Italian Wedding Soup Recipe with Turkey Meatballs
Prep time: 
Cook time: 
Total time: 
  • For the Meatballs
  • 3 slices of white bread
  • ½ cup milk
  • 1 egg
  • 2-1/2 tbsp of grated Parmesan, Romano and Asiago cheese blend
  • salt and pepper to taste
  • ½ tsp dried parsley
  • ½ cup grated fresh onion
  • Soup
  • 3 tbsp olive oil
  • 1 cup diced onion
  • 2 carrots sliced thin
  • 3 cloves garlic
  • 1 pinch red pepper flake (more or less to taste)
  • ½ tsp dried basil
  • ½ tsp dried oregano
  • ½ tsp dried parsley
  • 2-1/2 quarts chicken stock
  • 2 cups fresh spinach
  • 1 cup orzo - more or less to taste
  • Salt and pepper to taste
  1. Meatballs:
  2. In a large bowl combine milk, salt, pepper and egg until incorporated.
  3. Add cubed bread and allow to absorb completely.
  4. Add parsley, grated onion, cheeses and ground turkey and gently mix until well combined.
  5. Remove the mixture in heaping tablespoons and roll in the palms of your hand until the meatballs are round in shape. Repeat for remaining meat mixture. You can do this ahead of time and keep in the refrigerator until they are needed.
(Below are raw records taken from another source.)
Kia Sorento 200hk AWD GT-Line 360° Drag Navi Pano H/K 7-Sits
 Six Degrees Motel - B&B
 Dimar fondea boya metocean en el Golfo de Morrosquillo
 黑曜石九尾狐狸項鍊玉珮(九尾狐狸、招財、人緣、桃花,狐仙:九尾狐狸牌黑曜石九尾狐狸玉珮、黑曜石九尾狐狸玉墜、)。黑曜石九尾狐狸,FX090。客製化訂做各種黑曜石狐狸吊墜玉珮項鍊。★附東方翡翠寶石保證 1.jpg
If you want a soup with lots of meatballs you can use all of them, or set meatballs on a sheet pan in the freezer and then transfer to a freezer safe bag once frozen for another time.
  6. Soup:
  7. Add olive oil to a medium soup pot and saute the onion and carrots until the onions are translucent.
  8. Add garlic and pepper flake, dried herbs; stir and cook for 30 seconds being sure not to burn the garlic or herbs.
  9. Add stock and bring to a simmer.
  10. Add meatballs and cook for 25 minutes.
  11. Add spinach and stir it in until wilted.
  12. Add orzo and cook until al dente, about 6-8 minutes.
  13. Taste soup and add any desired additional salt and pepper
  14. Serve with grated Parmesan cheese.